Layoffs and the WARN Act & Employers' Legal Obligations
In addition to unemployment insurance benefits, the law provides protection to certain types of employees in case of unemployment. Under the Worker Adjustment and Retraining Notification Act (WARN Act), most employers that have 100 or more employees must give 60-day advance written notice of covered plant closings and covered mass layoffs.
In general, your employer must time the notice so that it reaches you 60 days before the closing or layoff date. The exceptions are when your employer is a “faltering company,” in the case of unforeseeable business circumstances, and in the event of a natural disaster. The requirement of 100 or more employees does not count employees who have worked for fewer than six of the last 12 months, and it does not count employees who work fewer than 20 hours per week.
Private employers as well as public and quasi-public employers in a commercial context are covered employers. Ordinary federal, state, and local government entities offering public services are not covered.
The WARN Act requires employers with 100 or more employees give 60 days notice when a covered plant is closing or covered layoffs are to occur. Read more about the Act in the United States Code: 29 U.S.C. §§ 2101–2109
The WARN Act is intended to give workers and families time to adjust to losing the income from employment, get another job, and enter any needed skills training or retraining programs. Managers, supervisors, hourly wage workers, and salaried workers are covered by the WARN Act, as are labor unions, locally elected chief officials, and state dislocated worker units.
You should be aware that an employer doesn’t need to give notice if it is permanently replacing someone who meets the definition of “economic striker” as defined under the National Labor Relations Act, which governs unions. The WARN Act doesn’t require notice to strikers or those involved in labor negotiations leading to a lockout when the strike or lockout is equivalent to a plant closing or mass layoff. However, non-striking employees who experience an employment loss because of a strike or workers not part of the bargaining units that are involved in labor negotiations leading to a lockout must still be given notice.
How is WARN Enforced?
Workers, unions, or other representatives of employees, as well as units of local government, can bring individual or class action lawsuits in federal court. This means that if you believe your employer laid you off in violation of the WARN Act, you may be able to bring a lawsuit to enforce the Act. If you are successful in the lawsuit, your employer will have to pay back pay and benefits for the period in violation.
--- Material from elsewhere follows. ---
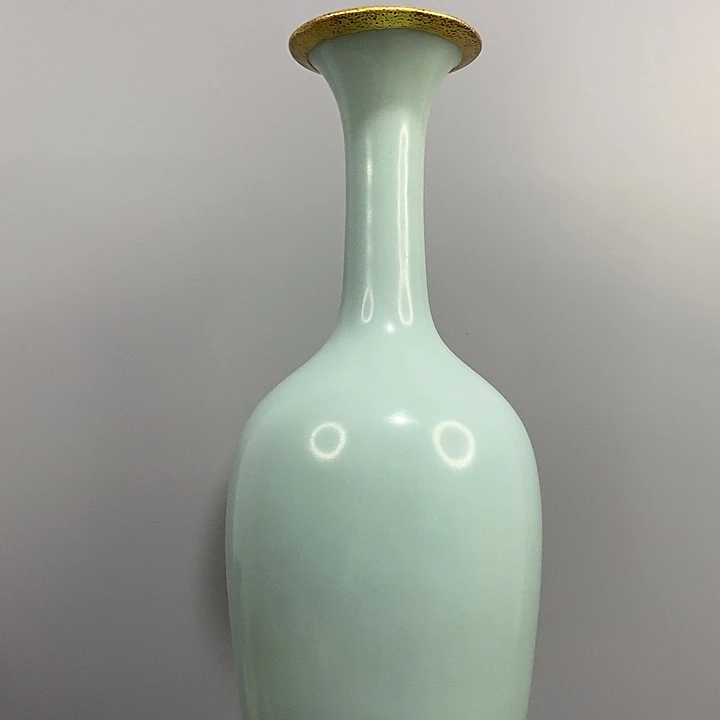 龙泉窑长颈瓶造型美观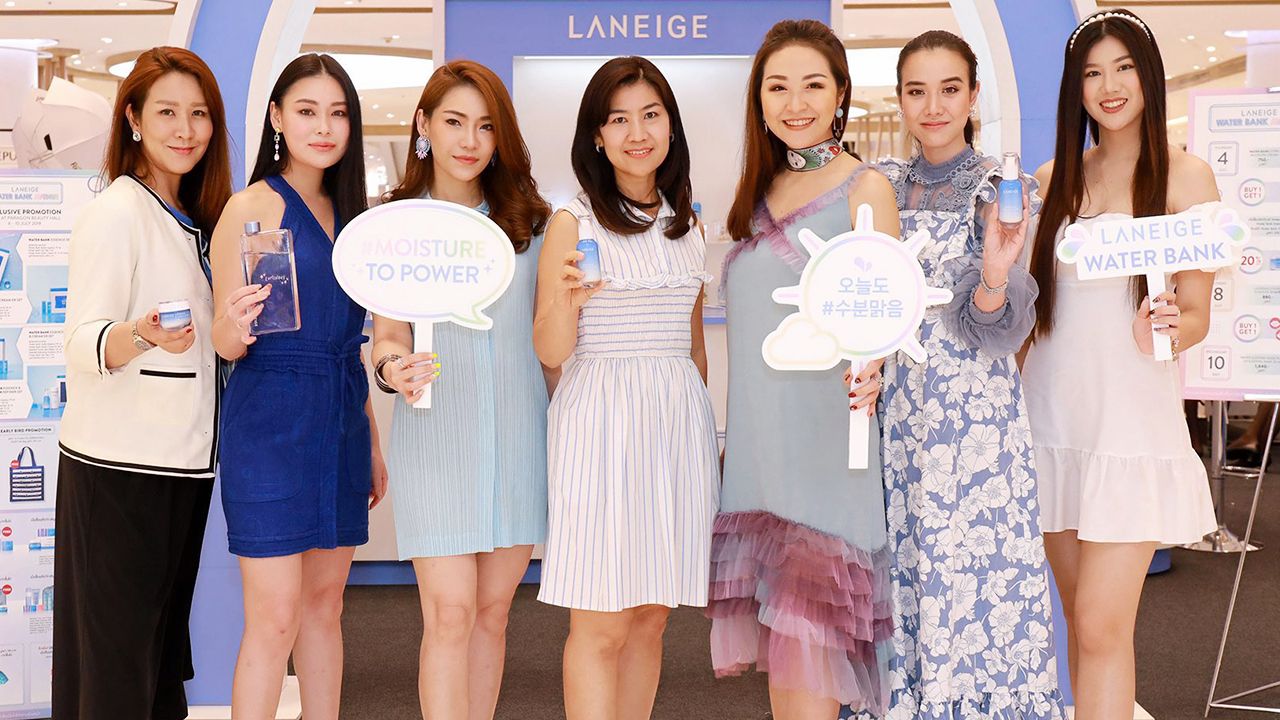 ผิวงามได้ - ต้องจิต วุฒิปุประจักร์ เปิดแคมเปญ “ลาเนจ วอเตอร์ แบงก์ อเวนิว” พร้อมแนะนำกลุ่มผลิตภัณฑ์ลาเนจวอเตอร์แบงก์ สูตรพัฒนามอยส์เจอไรเซอร์ให้ผิวเปล่งประกายเจิดจรัส โดยมี ณชา จึงกานต์กุล และ ศิลป์ศุภา อภิรักษ์ทานนท์ มาร่วมงานด้วย ที่สยามพารากอน วันก่อน.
This liability may be lessened by any wages or voluntary and unconditional payments made by the employer to you. Your employer may also be subject to a civil penalty.
What Triggers Notice for a Plant Closing or Mass Layoff?
Employment losses that meet a certain threshold trigger the notice requirement. An employment loss is an involuntary termination of employment not for cause or retirement. It can also be a layoff that is more than six months or a reduction in job hours of more than 50% during each month of a six-month period. There are a number of situations that may be stressful to you but do not count as a layoff.
For example, if your employer offers you a transfer to another employment site to which you could reasonably commute, with less than a six-month break in your employment, you may be reluctant to take it. If you refuse to be transferred, you do not have an employment loss covered by the WARN Act. Similarly, if you do take the offer within 30 days after it is offered or within 30 days of the plant closing or mass layoff, you have not experienced an employment loss under the WARN Act.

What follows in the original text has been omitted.